Task details
Pictures excluded, reproduce exactly the lines below from the one with "Memorybox met groene details en eendje" through the one with "White Calla Lily Blume Puzzle (Vertikal)", both included.

Records provided
::::

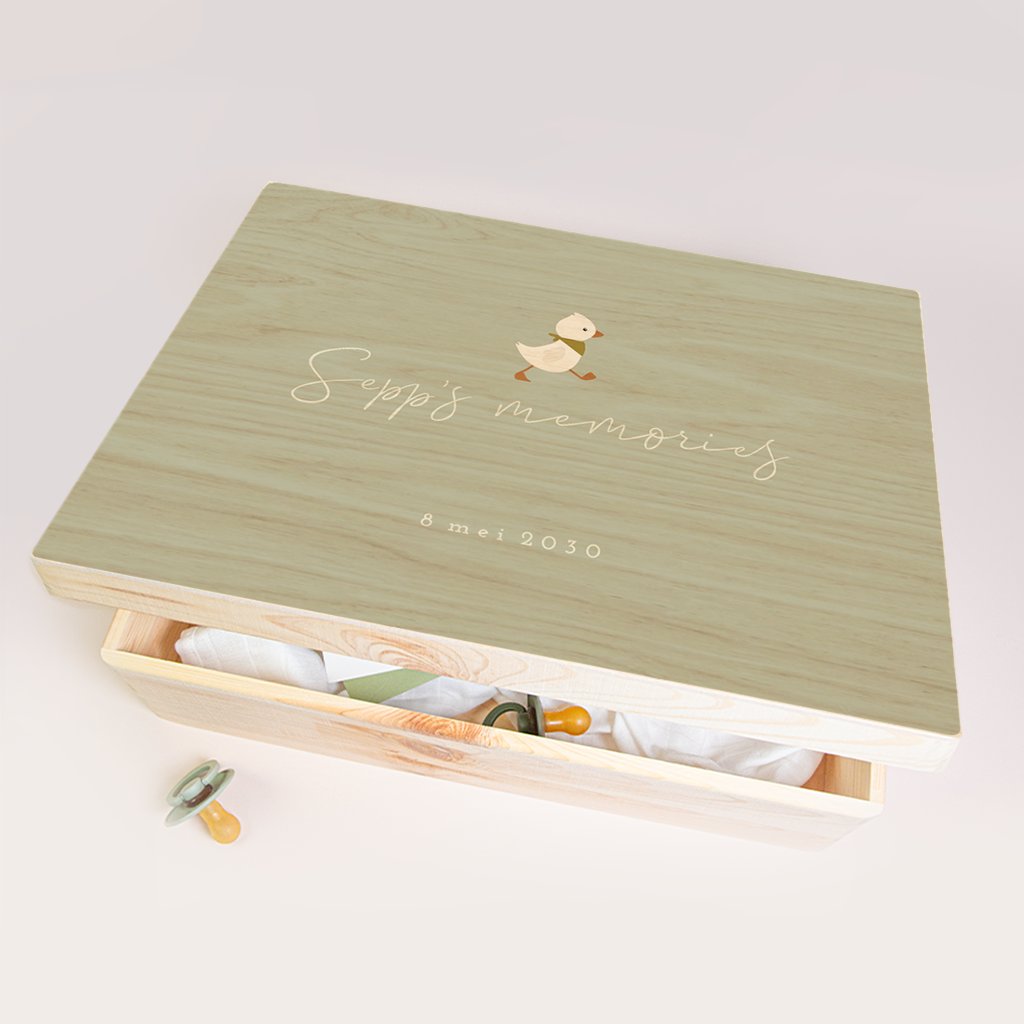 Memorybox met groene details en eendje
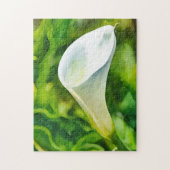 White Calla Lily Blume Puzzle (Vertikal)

::::

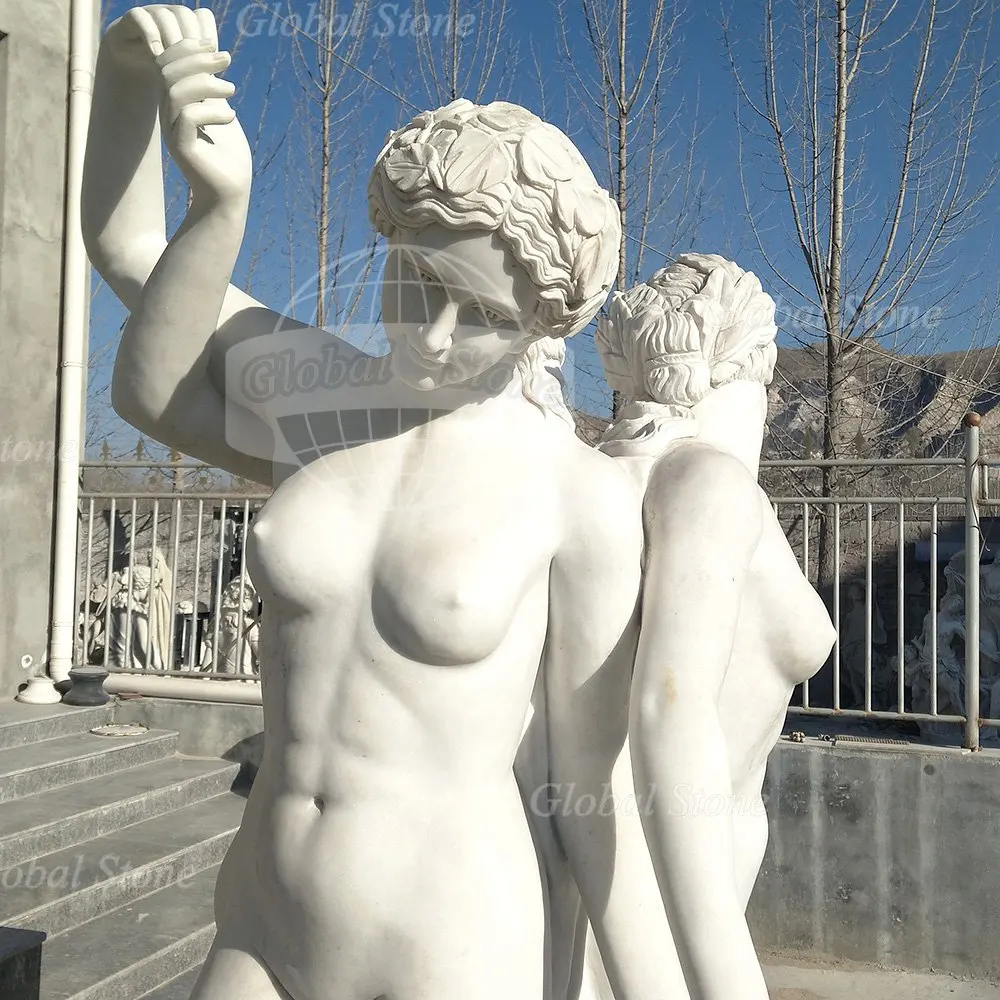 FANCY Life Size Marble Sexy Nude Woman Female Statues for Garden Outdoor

::::

Response
 Memorybox met groene details en eendje
 White Calla Lily Blume Puzzle (Vertikal)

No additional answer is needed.